As mentioned above, the SDKs will only maintain consistent (“sticky”) variation assignments if the experiment conditions remain the same. Generally, adding variations or changing traffic will re-bucket existing users.
For example, imagine you are running an experiment with two variations (A and B), with an experiment traffic allocation of 40%, and a 50/50 distribution between the two variations. Optimizely will assign each user a number between 0 and 10000 to determine if they qualify for the experiment, and if so, which variation they will see. If they are in buckets 0 to 1999, they see variation A; if they are in buckets 2000 to 3999, they see variation B. If they are in buckets 4000 to 10000, they will not participate in the experiment at all. These bucket ranges are deterministic: if a user falls in bucket 1083, they will always be in bucket 1083.
In this example, if you change the experiment allocation to any percentage except 0%, Optimizely ensures that all variation bucket ranges are preserved whenever possible to ensure that users will not be re-bucketed into other variations. If you add variations and increase the overall traffic, Optimizely will try to put the new users into the new variation without re-bucketing existing users.
To continue the example, if you change the experiment allocation from 40% to 0%, Optimizely will not preserve your variation bucket ranges. After changing the experiment allocation to 0%, if you change it again, perhaps to 50%, Optimizely starts the assignment process for each user from scratch: Optimizely will not preserve the variation bucket ranges from the 40% setting.
To completely prevent variation reassignments, implement sticky bucketing with the User Profile Service , which uses a caching layer to persist user IDs to variation assignments.

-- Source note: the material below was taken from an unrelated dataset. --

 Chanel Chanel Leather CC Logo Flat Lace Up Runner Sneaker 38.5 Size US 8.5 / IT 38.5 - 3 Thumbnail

If you assign a user to a variation using forced variation and ask the Optimizely API which variation the user is in, the Optimizely API returns the variation the user is forced into. This is true even if the user is not in the audience for the experiment: Optimizely returns the variation the user is forced into regardless of the audience conditions associated with the experiment.

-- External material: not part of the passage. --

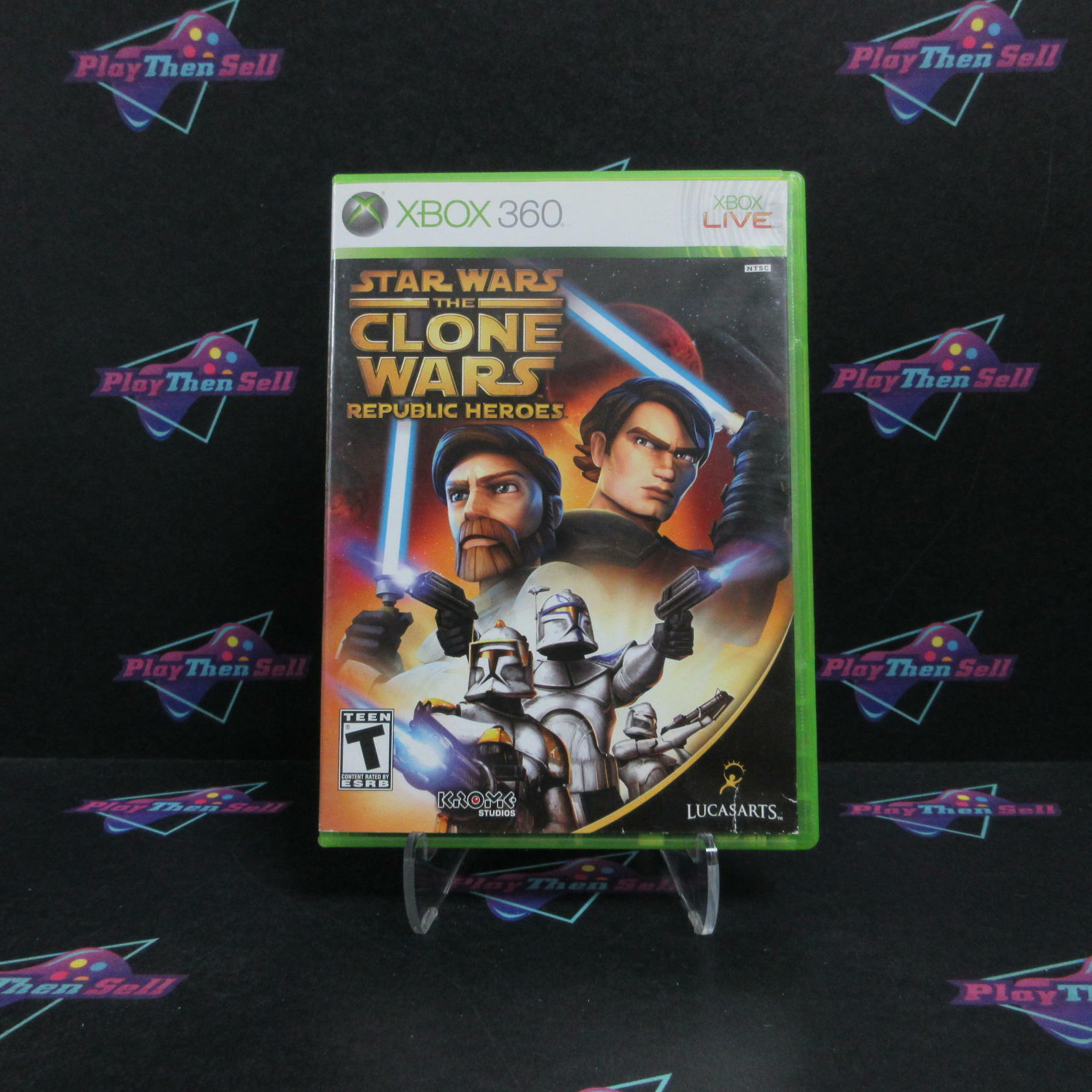 Star Wars the Clone Wars Republic Heroes  Xbox 360 Complete - Very Good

Use the bucketing IDs feature to control variation assignments directly by using a different identifier to control how variations are computed. Although you cannot directly specify the bucket, supplying the same bucketing ID among users will ensure they map to the same bucket and are exposed to the same variation. This works by hashing the provided bucketing ID with the experiment ID.
This can be useful for ensuring that many different users get a consistent experience. For example, you might want all users on the same team to get the same variation but still want to count them separately in your results.
Let’s walk through how the SDK evaluates a decision. This chart serves as a comprehensive example that explores all possible factors.
- The Activate call is executed and the SDK begins its bucketing process.
- The SDK ensures that the experiment is running.
- It compares the user ID to the whitelisted user IDs. Whitelisting is used to force users into specific variations. If the user ID is found on the whitelist, it will be returned.
- If provided, the SDK checks the User Profile Service implementation to determine whether a profile exists for this user ID. If it does, the variation is immediately returned and the evaluation process ends. Otherwise, proceed to step 5.
- The SDK examines audience conditions based on the user attributes provided. If the user meets the criteria for inclusion in the target audience, the SDK will continue with the evaluation; otherwise, the user will no longer be considered eligible for the experiment.
- The hashing function returns an integer value that maps to a bucket range. The ranges are based on the traffic allocation breakdowns set in the Optimizely dashboard, and each corresponds with a specific variation assignment.
- If the bucketing ID feature is used, the SDK will hash the bucketing ID (instead of the user ID) with the experiment ID and return a variation.